Christoffer (Thomsen) is a youngish restaurateur in Stockholm where his beautiful young wife is a rising star of the Swedish Royal Drama Company. A sudden visit from Christoffer’s father, head of the family steelworks in Denmark, at first seems of no great importance. But a few days later Christoffer finds himself parachuted in to take over the steelworks at the behest of his rather formidable mother. This isn’t what he wants and his life is turned upside down. We learn that he had previously found working in the family business far too stressful, but he seems to do whatever his mother demands – can it all work out? I don’t want to spoil the narrative pleasures of the film so I won’t go into detail but what impressed me (alongside the performances from some of Denmark’s best screen actors and Swedish actor Lisa Werlinder) was the clear-eyed dissection of family relationships and the manoeuvring within the family business. There is no sentimentality here and no pandering to notions of ‘feelgood’ cinema or happy endings. If anyone has illusions about the personal costs that dealing in this kind of business can generate, this will dispel them effectively. There are plenty of French films that deal with family businesses like this, and some of them (such as Laurent Cantet’s Human Resources (1999)) have the same intensity, but I was also reminded of Christian Petzold’s Yella (2007) – a very different kind of film but one that links to the cold business practices of contemporary European capitalism. Part of the narrative of The Inheritance involves a possible merger with a French steel company and it is interesting to see Danish characters who can move easily between Denmark, Sweden and France, speaking fluently (when we know thy could just as easily speak English). Why can’t British and American filmmakers produce interesting stories set in the business world? Instead of intelligent dramas like this on television or in the cinema we seem obsessed with tawdry reality TV shows.

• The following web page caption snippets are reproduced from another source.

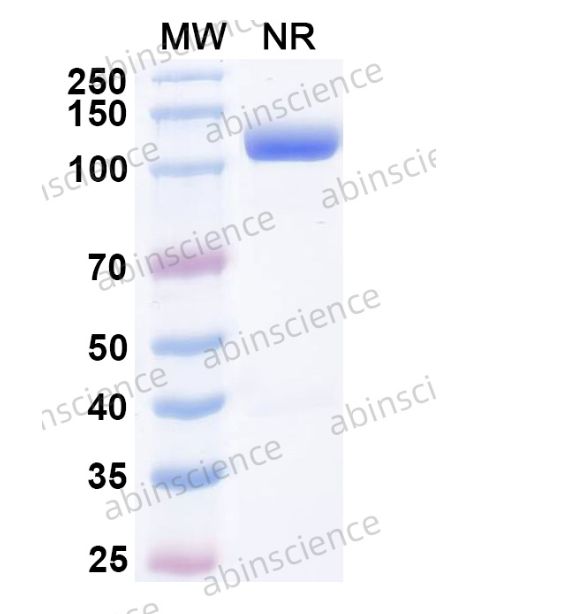 Abinscience InVivoMAb Anti-Human CXCL11/I-TAC Antibody (Iv0089) (HT393010-50ug)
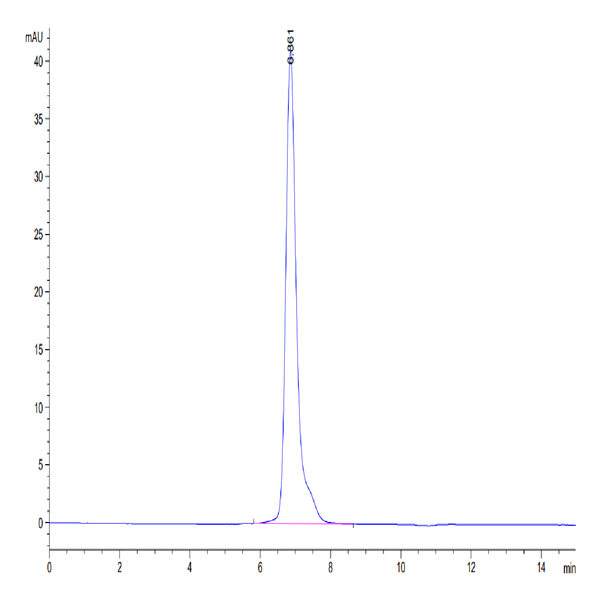 Human GM-CSF R alpha Protein (GSF-HM2RA)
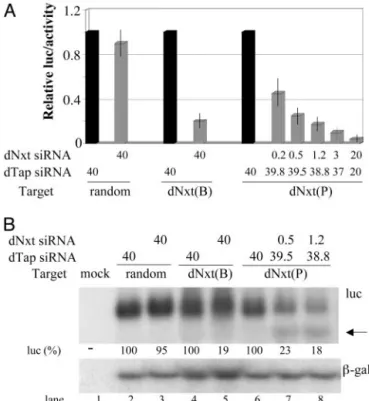 Fig. 5. Inhibition of mRNA utilization by a synthetic siRNA. (A) Cultures were cotransfected with one of the three listed indicator plasmids together with the dNxt or dTap siRNA and the pRL-CMV and pBC12 兾CMV兾␤-gal internal control plasmids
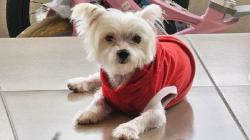 Viral Aksi Sadis 4 Pemuda Jember Hantam Anjing Mungil dengan Balok Semen hingga Mati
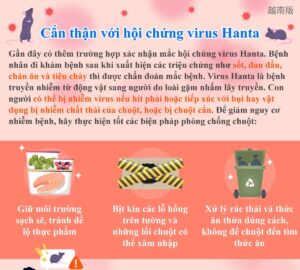 Cẩn thận với hội chứng virus Hanta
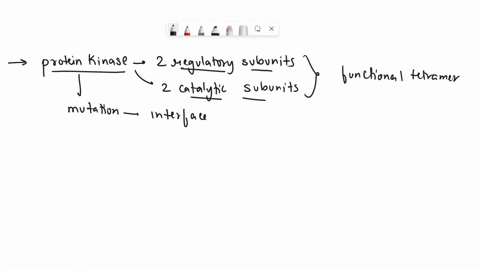 explain-how-mutations-in-the-regulatory-r-and-catalytic-c-chains-of-protein-kinase-pka-might-lead-to-a-a-constantly-active-pka-or-b-a-constantly-inactive-pka-your-answer-should-also-include-51058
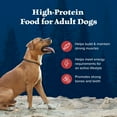 thumbnail image 5 of Blue Buffalo Wilderness Rocky Mountain Recipe High Protein Large Breed Adult Dry Dog Food, Natural Ingredients Plus Wholesome Grains, Red Meat, 22 lb. Bag, 5 of 12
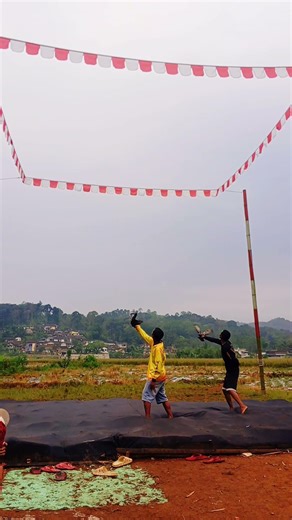 merpati kolong #shorts #trending #merpatikolong #viral #merpati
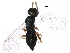  (Mesopolobus verditer - BIOUG25489-E06)  @14 [ ] CreativeCommons - Attribution (2015) CBG Photography Group Centre for Biodiversity Genomics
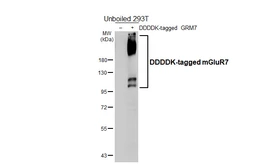 Anti-mGluR7 antibody [HL5417] used in Western Blot (WB). GTX645985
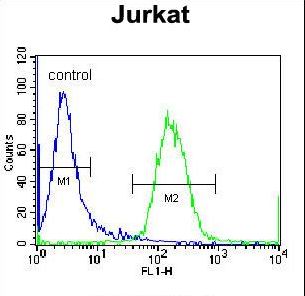 RBPJL Antibody - RBPJL Antibody flow cytometry of Jurkat cells (right histogram) compared to a negative control cell (left histogram). FITC-conjugated donkey-anti-rabbit secondary antibodies were used for the analysis.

Directed and partly written by Per Fly, The Inheritance is the second in a trilogy of films set in three different strata of Danish society. Christoffer’s family are industrialists of the haute bourgeoisie (in one scene preparing for a politically-correct hunt with careful rules about what you can shoot). The other two films are Drabet (2005) and Baenken (2000), but these don’t appear to have made it to the UK – despite Draben being an official UK co-production. The Inheritance has been the most successful of Fly’s films but I’m surprised that after the domestic market and that of co-production partner Norway, the best territories for the film have been Italy and Spain rather than Sweden and the UK (the other co-producers) Germany or France (see the Lumiere database). So typing this as ‘North European Drama’ doesn’t quite seem to work out.

If any UK readers are feeling withdrawal symptoms after the end of Borgen Series 1, I heartily recommend The Inheritance which is available on offer at Amazon.co.uk at just £3.89. I doubt that you would be disappointed if this replaced your evening’s TV viewing.